• _Exercise directions_
Give back only the lines in the records below from the one with "Adapter Gemini flex" to the one with "Ann Taylor Sleeveless Lace Dress", both inclusive, word for word.

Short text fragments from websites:
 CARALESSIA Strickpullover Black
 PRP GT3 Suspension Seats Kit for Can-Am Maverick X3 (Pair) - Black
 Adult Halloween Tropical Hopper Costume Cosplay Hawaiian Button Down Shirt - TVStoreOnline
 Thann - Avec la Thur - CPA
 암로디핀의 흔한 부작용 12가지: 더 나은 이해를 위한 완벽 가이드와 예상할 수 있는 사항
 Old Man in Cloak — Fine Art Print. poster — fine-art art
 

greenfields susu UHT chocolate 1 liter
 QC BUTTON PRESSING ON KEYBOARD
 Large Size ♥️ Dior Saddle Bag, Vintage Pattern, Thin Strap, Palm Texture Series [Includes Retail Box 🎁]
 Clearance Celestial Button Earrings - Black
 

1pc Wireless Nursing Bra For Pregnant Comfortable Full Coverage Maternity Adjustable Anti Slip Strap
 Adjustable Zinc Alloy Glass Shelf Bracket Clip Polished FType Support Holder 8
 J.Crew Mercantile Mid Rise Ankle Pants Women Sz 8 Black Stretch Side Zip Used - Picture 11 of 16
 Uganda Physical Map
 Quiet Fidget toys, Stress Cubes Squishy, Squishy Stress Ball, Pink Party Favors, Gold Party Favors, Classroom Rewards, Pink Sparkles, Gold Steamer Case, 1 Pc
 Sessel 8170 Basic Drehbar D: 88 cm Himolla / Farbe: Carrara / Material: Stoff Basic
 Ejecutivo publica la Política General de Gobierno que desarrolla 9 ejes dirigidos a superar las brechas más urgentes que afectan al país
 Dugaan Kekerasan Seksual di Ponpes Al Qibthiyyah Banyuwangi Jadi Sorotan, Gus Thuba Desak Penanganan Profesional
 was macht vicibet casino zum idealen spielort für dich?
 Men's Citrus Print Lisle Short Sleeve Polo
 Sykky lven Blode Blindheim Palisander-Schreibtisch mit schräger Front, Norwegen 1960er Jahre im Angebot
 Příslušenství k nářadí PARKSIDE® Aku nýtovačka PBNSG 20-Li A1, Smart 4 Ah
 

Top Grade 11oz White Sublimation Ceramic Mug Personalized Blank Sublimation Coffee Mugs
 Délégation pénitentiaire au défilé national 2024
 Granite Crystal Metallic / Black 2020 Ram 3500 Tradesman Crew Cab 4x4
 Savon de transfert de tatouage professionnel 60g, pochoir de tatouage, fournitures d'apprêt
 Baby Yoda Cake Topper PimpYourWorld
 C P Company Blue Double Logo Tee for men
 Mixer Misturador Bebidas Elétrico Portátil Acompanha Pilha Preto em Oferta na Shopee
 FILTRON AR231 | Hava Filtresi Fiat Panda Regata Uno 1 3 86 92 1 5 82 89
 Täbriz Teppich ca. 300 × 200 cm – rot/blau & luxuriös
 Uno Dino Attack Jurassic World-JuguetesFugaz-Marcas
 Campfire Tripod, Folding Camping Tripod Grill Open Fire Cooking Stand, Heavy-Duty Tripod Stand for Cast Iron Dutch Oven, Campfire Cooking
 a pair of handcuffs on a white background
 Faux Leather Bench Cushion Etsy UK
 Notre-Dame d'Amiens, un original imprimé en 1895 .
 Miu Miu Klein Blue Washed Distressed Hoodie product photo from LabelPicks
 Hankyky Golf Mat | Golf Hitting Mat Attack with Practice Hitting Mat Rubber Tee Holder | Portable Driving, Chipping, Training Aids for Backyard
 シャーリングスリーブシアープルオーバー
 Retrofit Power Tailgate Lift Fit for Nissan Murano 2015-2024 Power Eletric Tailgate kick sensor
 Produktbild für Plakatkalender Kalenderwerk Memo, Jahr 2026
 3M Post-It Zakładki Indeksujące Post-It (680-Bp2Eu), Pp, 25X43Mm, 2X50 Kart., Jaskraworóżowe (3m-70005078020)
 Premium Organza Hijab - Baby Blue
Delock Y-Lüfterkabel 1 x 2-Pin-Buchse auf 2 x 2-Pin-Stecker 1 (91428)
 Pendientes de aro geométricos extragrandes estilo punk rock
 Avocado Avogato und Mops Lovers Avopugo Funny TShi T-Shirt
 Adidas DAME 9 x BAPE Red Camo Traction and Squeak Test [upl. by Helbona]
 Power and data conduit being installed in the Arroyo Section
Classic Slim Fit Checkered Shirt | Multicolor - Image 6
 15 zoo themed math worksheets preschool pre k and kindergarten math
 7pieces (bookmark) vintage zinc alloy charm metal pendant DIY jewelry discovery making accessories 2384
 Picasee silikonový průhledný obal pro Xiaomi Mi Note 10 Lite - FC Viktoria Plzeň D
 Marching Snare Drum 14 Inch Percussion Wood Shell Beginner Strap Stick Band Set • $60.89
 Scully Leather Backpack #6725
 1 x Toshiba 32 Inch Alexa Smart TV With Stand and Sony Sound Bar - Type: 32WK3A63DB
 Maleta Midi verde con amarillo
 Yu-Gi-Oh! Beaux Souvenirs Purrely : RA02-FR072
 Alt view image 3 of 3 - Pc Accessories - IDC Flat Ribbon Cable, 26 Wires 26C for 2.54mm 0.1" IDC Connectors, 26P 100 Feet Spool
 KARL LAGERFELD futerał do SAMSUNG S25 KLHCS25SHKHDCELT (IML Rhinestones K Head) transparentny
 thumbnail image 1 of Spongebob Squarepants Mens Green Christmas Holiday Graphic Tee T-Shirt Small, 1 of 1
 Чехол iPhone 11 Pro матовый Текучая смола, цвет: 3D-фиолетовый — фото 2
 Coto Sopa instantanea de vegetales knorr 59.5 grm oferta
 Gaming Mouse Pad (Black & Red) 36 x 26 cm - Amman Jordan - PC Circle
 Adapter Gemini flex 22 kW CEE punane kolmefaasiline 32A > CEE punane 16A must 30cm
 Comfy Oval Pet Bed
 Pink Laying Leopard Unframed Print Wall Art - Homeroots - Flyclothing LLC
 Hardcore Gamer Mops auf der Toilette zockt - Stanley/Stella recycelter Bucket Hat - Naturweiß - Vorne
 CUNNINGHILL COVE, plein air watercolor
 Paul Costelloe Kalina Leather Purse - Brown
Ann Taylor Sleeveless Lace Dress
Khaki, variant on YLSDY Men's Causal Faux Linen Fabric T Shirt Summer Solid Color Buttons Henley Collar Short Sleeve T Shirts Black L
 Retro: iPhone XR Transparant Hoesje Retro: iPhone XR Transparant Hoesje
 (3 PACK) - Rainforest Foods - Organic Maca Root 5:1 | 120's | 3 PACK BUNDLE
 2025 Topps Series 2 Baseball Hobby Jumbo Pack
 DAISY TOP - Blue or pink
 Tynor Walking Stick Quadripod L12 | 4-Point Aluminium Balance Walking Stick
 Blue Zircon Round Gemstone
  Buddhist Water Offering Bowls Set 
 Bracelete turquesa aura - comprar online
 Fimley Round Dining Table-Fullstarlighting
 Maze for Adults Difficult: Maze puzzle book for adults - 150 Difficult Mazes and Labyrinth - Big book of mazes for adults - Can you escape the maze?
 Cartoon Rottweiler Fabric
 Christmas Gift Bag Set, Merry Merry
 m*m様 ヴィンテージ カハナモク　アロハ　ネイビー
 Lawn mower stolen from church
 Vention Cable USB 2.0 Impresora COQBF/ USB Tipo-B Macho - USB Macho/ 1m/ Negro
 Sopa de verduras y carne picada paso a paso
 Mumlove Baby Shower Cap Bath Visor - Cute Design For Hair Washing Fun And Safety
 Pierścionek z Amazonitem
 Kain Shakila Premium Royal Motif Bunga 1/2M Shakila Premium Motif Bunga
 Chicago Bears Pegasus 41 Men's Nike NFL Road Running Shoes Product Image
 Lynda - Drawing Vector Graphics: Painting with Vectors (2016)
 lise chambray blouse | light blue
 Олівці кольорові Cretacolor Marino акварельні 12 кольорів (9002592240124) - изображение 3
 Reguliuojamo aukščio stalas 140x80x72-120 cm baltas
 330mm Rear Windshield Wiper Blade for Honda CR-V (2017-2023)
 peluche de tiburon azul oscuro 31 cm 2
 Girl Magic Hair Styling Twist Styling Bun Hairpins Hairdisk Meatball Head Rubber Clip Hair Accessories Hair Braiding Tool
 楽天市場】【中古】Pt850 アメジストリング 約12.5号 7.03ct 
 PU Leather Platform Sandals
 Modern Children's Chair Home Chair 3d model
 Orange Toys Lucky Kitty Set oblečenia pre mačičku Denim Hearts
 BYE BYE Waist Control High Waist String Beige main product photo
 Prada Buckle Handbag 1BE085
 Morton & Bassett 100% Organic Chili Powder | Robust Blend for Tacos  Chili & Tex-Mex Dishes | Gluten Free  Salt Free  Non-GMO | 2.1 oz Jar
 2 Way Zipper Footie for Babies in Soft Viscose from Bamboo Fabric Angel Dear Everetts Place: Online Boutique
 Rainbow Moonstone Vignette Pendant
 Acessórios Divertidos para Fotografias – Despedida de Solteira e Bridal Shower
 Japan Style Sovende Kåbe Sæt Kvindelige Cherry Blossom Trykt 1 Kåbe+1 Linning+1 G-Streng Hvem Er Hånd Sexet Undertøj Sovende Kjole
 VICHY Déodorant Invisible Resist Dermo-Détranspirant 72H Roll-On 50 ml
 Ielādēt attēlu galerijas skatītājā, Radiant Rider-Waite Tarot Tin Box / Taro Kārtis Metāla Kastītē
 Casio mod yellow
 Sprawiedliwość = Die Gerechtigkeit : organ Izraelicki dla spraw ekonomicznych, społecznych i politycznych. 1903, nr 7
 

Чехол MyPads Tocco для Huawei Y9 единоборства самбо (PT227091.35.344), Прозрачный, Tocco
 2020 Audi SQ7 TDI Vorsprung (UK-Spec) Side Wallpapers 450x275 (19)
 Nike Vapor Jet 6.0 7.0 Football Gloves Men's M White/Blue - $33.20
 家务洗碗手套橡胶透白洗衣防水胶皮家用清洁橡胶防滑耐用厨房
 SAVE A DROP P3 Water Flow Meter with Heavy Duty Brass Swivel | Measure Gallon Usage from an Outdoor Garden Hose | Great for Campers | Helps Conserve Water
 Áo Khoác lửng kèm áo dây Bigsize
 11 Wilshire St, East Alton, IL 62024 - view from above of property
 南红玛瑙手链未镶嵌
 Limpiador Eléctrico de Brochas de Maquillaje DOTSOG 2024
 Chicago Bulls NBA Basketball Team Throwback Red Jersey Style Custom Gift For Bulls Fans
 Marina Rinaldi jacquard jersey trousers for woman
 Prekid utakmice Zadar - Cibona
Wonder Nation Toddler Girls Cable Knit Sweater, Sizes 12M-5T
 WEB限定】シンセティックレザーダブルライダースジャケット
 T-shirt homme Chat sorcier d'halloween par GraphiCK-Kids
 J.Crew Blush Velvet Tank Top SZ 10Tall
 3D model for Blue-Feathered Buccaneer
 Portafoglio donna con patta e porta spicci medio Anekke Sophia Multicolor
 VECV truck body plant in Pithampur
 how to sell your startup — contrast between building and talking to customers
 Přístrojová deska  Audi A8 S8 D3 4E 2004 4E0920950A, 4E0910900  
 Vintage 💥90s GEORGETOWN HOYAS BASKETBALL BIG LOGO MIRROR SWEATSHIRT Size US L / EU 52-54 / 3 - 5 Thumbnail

• _Task response_
 Adapter Gemini flex 22 kW CEE punane kolmefaasiline 32A > CEE punane 16A must 30cm
 Comfy Oval Pet Bed
 Pink Laying Leopard Unframed Print Wall Art - Homeroots - Flyclothing LLC
 Hardcore Gamer Mops auf der Toilette zockt - Stanley/Stella recycelter Bucket Hat - Naturweiß - Vorne
 CUNNINGHILL COVE, plein air watercolor
 Paul Costelloe Kalina Leather Purse - Brown
Ann Taylor Sleeveless Lace Dress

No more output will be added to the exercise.